The Cost of Poor Data in AI Systems
Industry: Recruitment / HR Problem: AI Matching candidates to jobs Root Cause: "Resume Parsing" is harder than it looks.
The Theory
We built a system to match 50,000 candidate resumes to open Job Descriptions. The plan: Embed the Resume (Vector DB). Embed the Job Description. Perform Semantic Search.
The Reality of Data
The client assured us their data was "clean." In reality:
- 30% of resumes were scanned images (PDFs of photos). The OCR failed, so the text was empty.

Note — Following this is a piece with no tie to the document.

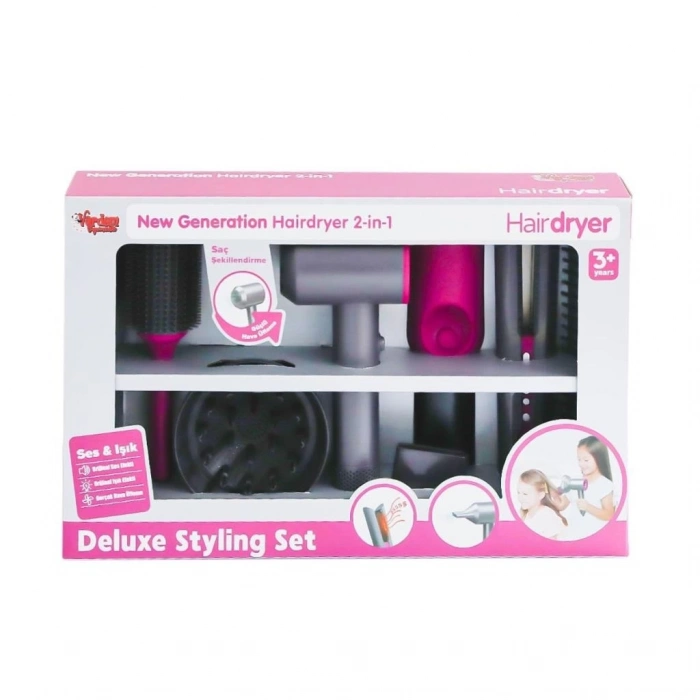 BFS   HUA-1019 Sesli ve Işıklı 2IN1 Lüks Saç Şekillendirici Set -Vardem Oyuncak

- 20% of resumes were in foreign languages (which the embedding model didn't support well).
- Job Descriptions were inconsistent. Some said "Salary: Competitive" (useless data).
The Cost
Because the input data was garbage, the AI matches were garbage. A Senior Java Developer was matched with a "Coffee Shop Manager" role because the resume mentioned "Java" (the island) and "Manager."
Financial Impact:
- 2 months of engineering time wasted tuning the model, when the problem was the data.
- Loss of trust from the recruiters.
The Fix: Data Pre-Processing Pipeline
We stopped the AI project. We built a "Data Sanitation" pipeline.
- Filter: Reject any resume < 50 words.
- Standardize: Convert all formats to Markdown.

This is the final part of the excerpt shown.